If 2007 was Year Zero in the life of the Phone That Changed Everything, then 2008 skyrocketed forward to the year that the device truly came of age. A lot has changed in the world of Apple's handset since our first glimpse of it almost two years ago at Macworld Expo 2007, and while the iPhone has climbed to even greater heights of success in the past year, the road hasn't been without its fair share of pitfalls and potholes along the way.
At Macworld Expo last January, Steve Jobs took the stage to dish iPhone sales figures. At that point, the original iPhone had sold about 4 million units, capturing around 20 percent of the US smartphone market.
That was impressive for a six-month-old phone, but throughout the year Apple executives repeatedly reaffirmed their goal - originally set by Jobs during his 2007 Macworld keynote - of selling 10 million iPhones in calendar year 2008.
With the original iPhone, that goal might have been a bit lofty, but as the year progressed, it quickly became apparent that Apple had, as usual, given a number it expected to hit.
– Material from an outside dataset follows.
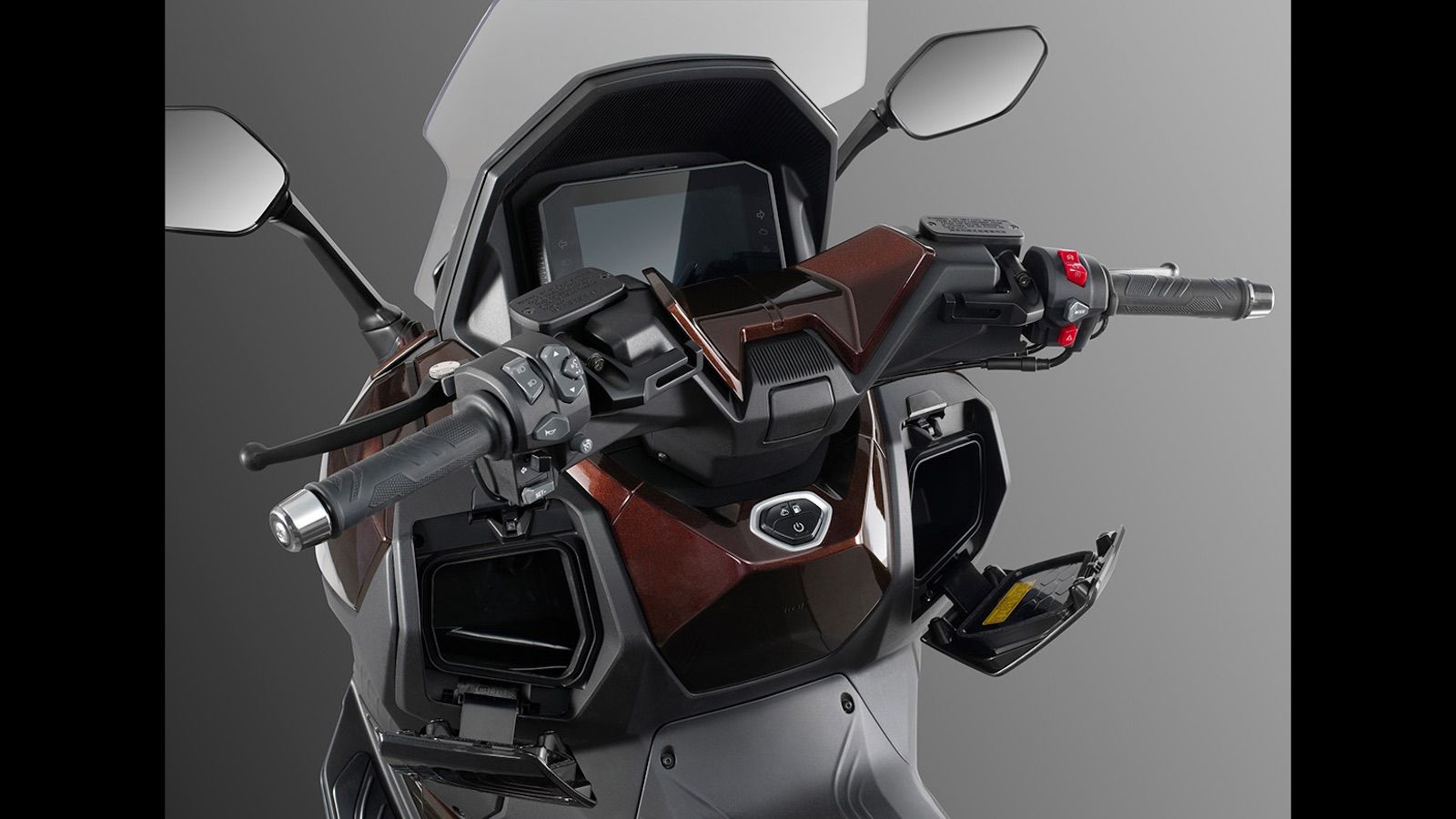 SYM TTL BT: Δικύλινδρο mega scooter με χώρους για μετακόμιση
Among the major factors in boosting the iPhone's sales were the introduction of the iPhone 3G and the App Store (which we'll get to below), but 2008 was also the year the iPhone became truly a global phenomenon.
As of the beginning of 2008, Apple sold the iPhone in only a handful of countries: the US, the UK, France, and Germany. Austria joined the club last February, followed by Ireland in March. That trickle turned into a deluge when, during the keynote at June's Worldwide Developer Conference, Jobs announced that Apple planned to add 70 countries to the iPhone's market by year's end.
And Apple delivered on that goal - the iPhone is now available in around 75 countries, with more still on their way. The most prominent omission remains China, where Apple remains in back-and-forth negotiations with the country's largest wireless operator, China Mobile.
All that expansion helped catapult the iPhone to its goal of 10 million, which Apple reached toward the end of October. That wasn't the only big number the company hit along the way: in a rare appearance on the company's quarterly conference call with stock market analysts in October, Jobs announced that Apple had shipped more units than BlackBerry-maker RIM in that quarter, and that its revenue put it in third place for mobile phone suppliers.
In early November, market research firm NPD Group said that the iPhone could stick another feather in its cap: namely, beating out the popular Motorola RAZR to become the top-selling handset in the US. It didn't hurt that in addition to selling the phone at Apple and AT&T stores in the US, the handset was also available from electronics chain Best Buy starting in September and retail giant Wal-Mart as of the end of December.
Apple also took another unusual step in its October conference call. In order to comply with Generally Accepted Accounting Principles (GAAP), Apple had long tracked iPhone revenue in a "subscription accounting" method, meaning that the company recognized revenue from the sales over the expected lifetime of the product, which in this case was 24 months.
While that helped keep Apple from running afoul of tricky regulations governing accounting, it had the side effect of concealing just how well the iPhone was actually doing. In that same October conference call that featured Jobs, the company announced that it would also begin providing a separate set of numbers that would more clearly represent the iPhone's impact on Apple's bottom line.
That impact was staggering: had the revenue not been deferred, the iPhone would have accounted for 39 percent of Apple's total revenue for the company's fiscal fourth quarter of 2008. Clearly, as Steve Jobs noted, Apple's iPhone business has become too big to ignore.